2016 anti-corruption law in South Korea

The Improper Solicitation and Graft Act (colloquially Kim Young-ran Act) is a 2016 anti-corruption law in South Korea. The bill is associated with Kim Young-ran, former head of the Anticorruption and Civil Rights Commission, who proposed it in August 2012, and is often referred to as the Kim Young-ran Act (or Law, or Bill). The bill has also been translated as Anti-Corruption and Bribery Prohibition Act, though "Improper Solicitation and Graft Act" is the official name. The law was passed in 2015 and started being enforced on September 28, 2016.

==Background==

The law has been described in Financial Times as "aimed at widespread corruption" in the country. The Korea Times noted in 2014 that Korea was "still lagging behind its peers" in the OECD in terms of transparency. In Transparency International's 2014 Corruption Perceptions Index, which annually ranks countries "by their perceived levels of corruption, as determined by expert assessments and opinion surveys," South Korea was ranked 43rd (where being 1st indicates a country with the least amount of perceived corruption). This was the third-best performance among East Asian countries, behind Japan (15th) and Taiwan (35th).

The Kim Young-ran Act was not the first anti-corruption measure enacted in South Korea. The Criminal Act "already prohibited domestic public officials from receiving, demanding or promising to accept a bribe in connection with their duties, and also prohibited individuals from giving or offering to give a bribe," and the 1998 Act on Combating Bribery of Foreign Public Officials in International Business Transactions "regulates bribery related to foreign officials."

==Legislative history and legal challenges==
The law was passed by the South Korean parliament in March 2015. The bill received bipartisan support in parliament.

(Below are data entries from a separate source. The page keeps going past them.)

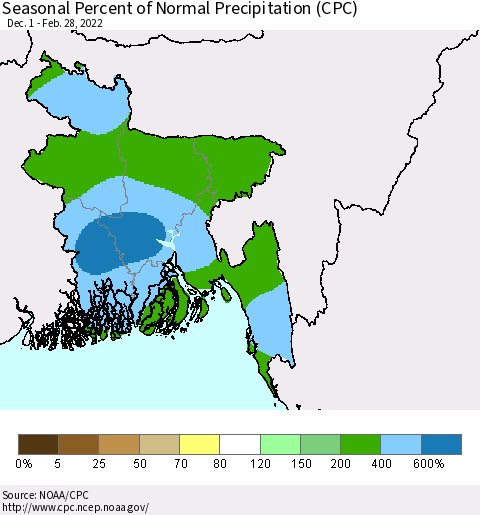 Bangladesh Seasonal Percent of Normal Precipitation (CPC) Thematic Map For 12/1/2021 - 2/28/2022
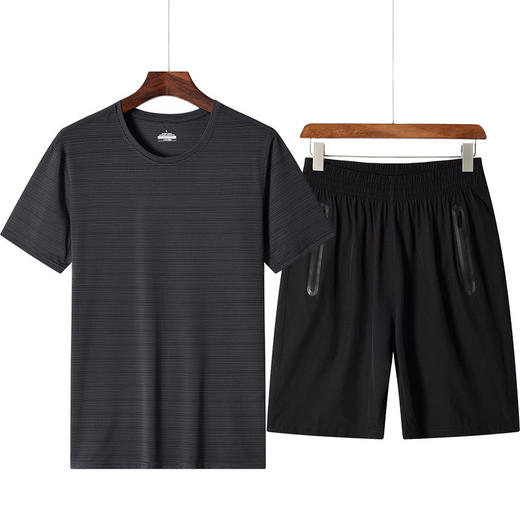 YQ-LQ短袖套装男士短裤夏季宽松冰丝速干半袖T恤五分裤中年运动两件套 商品图2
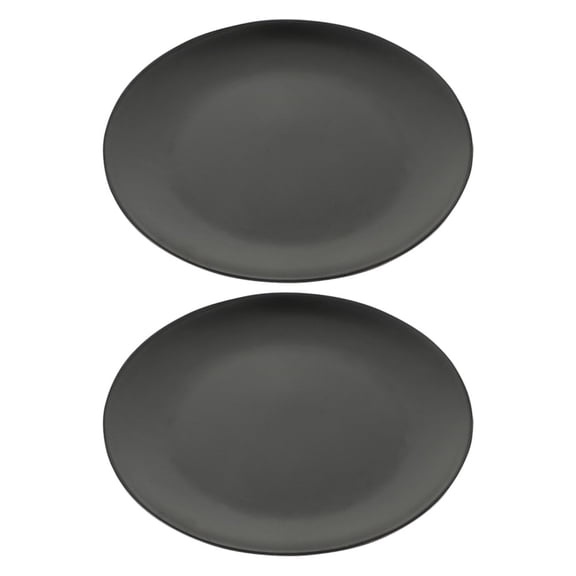 OULII Set of 2 Black Serving Plates for Casual Dining, Home Parties, and Everyday Food Presentation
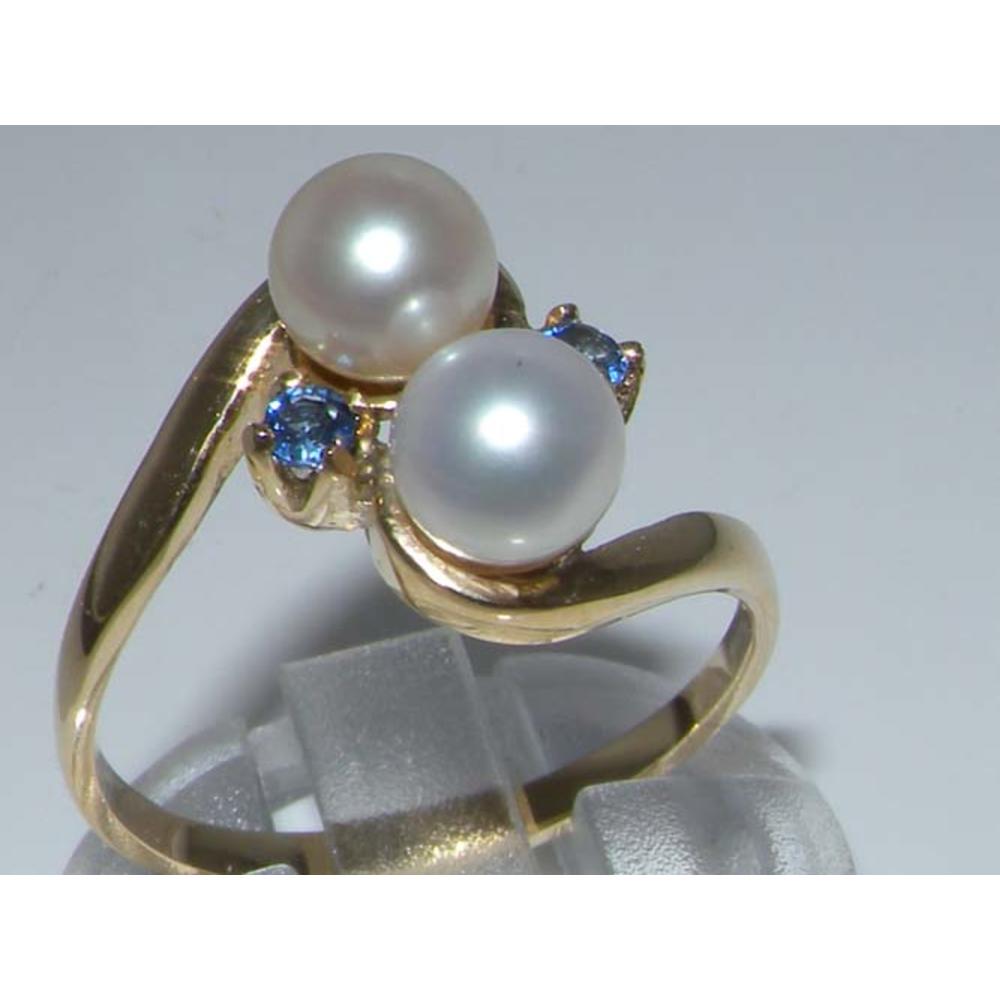 The Great British Jeweler 9K Yellow Gold Womens Lustrous Pearl & Ceylon Sapphire Swirl Ring - Finger Sizes 5 to 12 Available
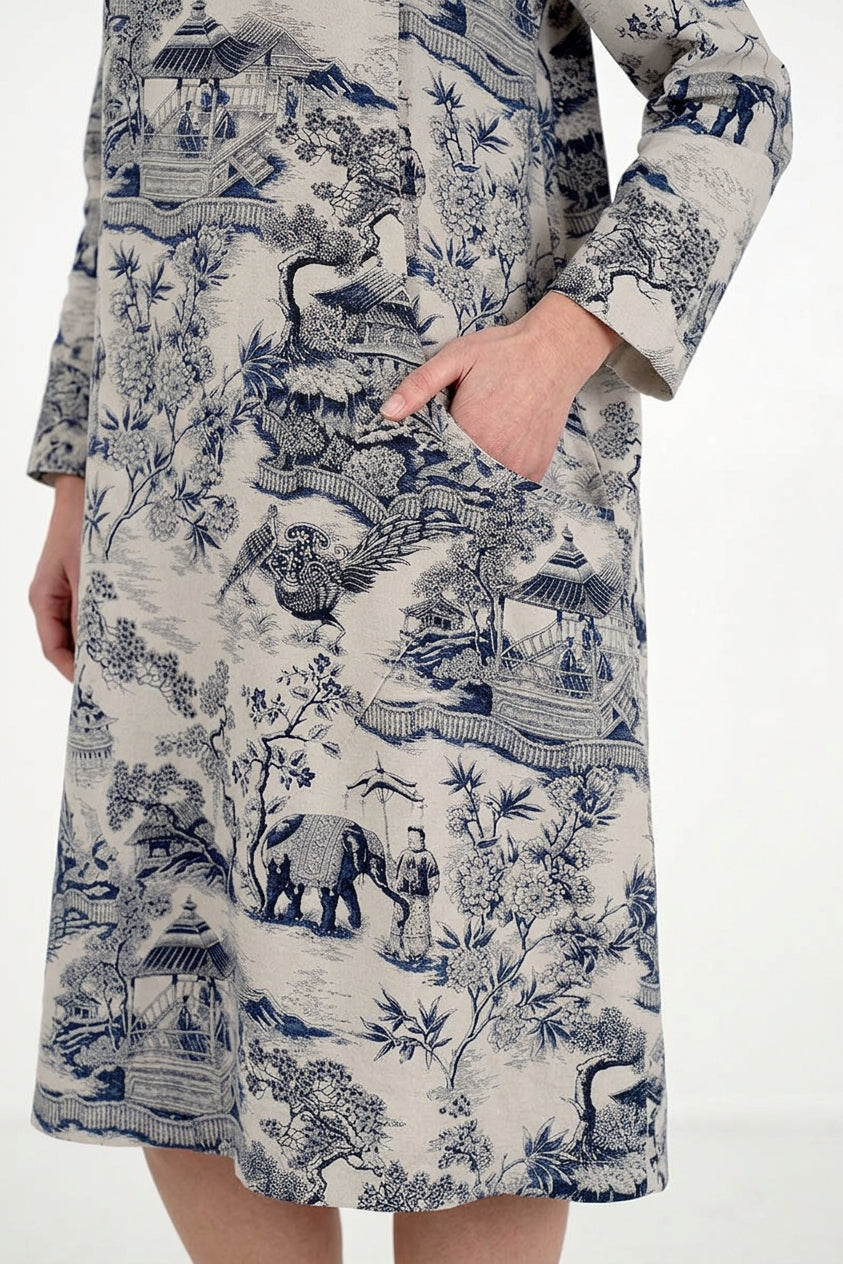 Odette - Robe Imprimée en Porcelaine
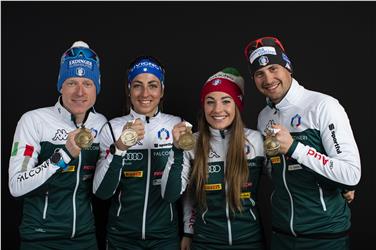 La staffetta azzurra di biathlon con il bronzo mondiale: Hofer, Vittozzi, Wierer e Windisch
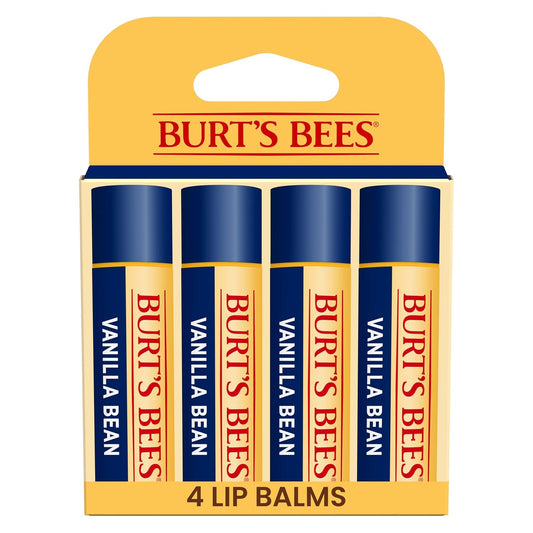 Burt's Bees Bálsamo labial hidratante 100% natural, Vaina de Vainilla - 4 tubos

The law was formally promulgated by President Park Geun-hye as Act No. 13278 on March 26, 2015.

In July 2016, the Constitutional Court of Korea upheld the law, rejecting a challenge brought by the Korean Bar Association, the Journalists Association of Korea, and others, who argued that the law's provisions were unconstitutional. The challengers argued the law defines public officials too broadly by including private-school employees and journalists. The court also addressed the criticisms which suggested it would negatively affect the economy, saying "Some argued that the law will discourage economic growth, but we have seen proof in advanced countries that a country advances when corruption decreases. Based on this situation, the law does not excessively violate basic rights."

The law took effect on September 28, 2016.

==Provisions of the Act==
The law makes it illegal for public officials (including journalists, private school teachers and their spouses) to accept gifts of more than 50,000 won (about 45 USD) or 100,000 won (about 90 USD) at closed events such as weddings and funerals; it also limits dinner expenditures to 30,000 won (about 27 USD) per person. In addition, the law also prohibits fifteen categories of "improper solicitations to public officials"; such solicitations are prohibited even if not accompanied by a 'payment, offer, or promise to pay or provide, money or a thing of value." The legislation also includes "seven categories of requests to which the Act does not apply." These exceptions have been criticized as vague.

==Impact==
The law clashed with Korean traditions, such as that the most senior person at a social gathering should pay the entire bill. Another controversy surrounds traditional gift baskets during holidays such as Chuseok, which usually are priced at 70–80,000 won. Both of those customs are made illegal by the law.

Some Korean lobby groups like Federation of Korean Industries (ko) have opposed the law, arguing that it could cause economic losses for Korean economy, negatively affecting spending in some industry sectors, like in the restaurants business.

Since the law came into force, many Korean officials reported that they are cancelling dinners and splitting bills at cheaper cafeterias, which have seen increased number of customers. On the other hand, higher-end restaurants, flower shops, golf courses, and chauffeur services at business and government districts reported a decline in business. Some officials also reported that they can return home earlier, spending more time with their families, as the number of work-related gatherings, often lasting until late hours, have been sharply curtailed.

A survey conducted by Gallup Korea in early October 2016 showed that the law is supported by 71% of Koreans.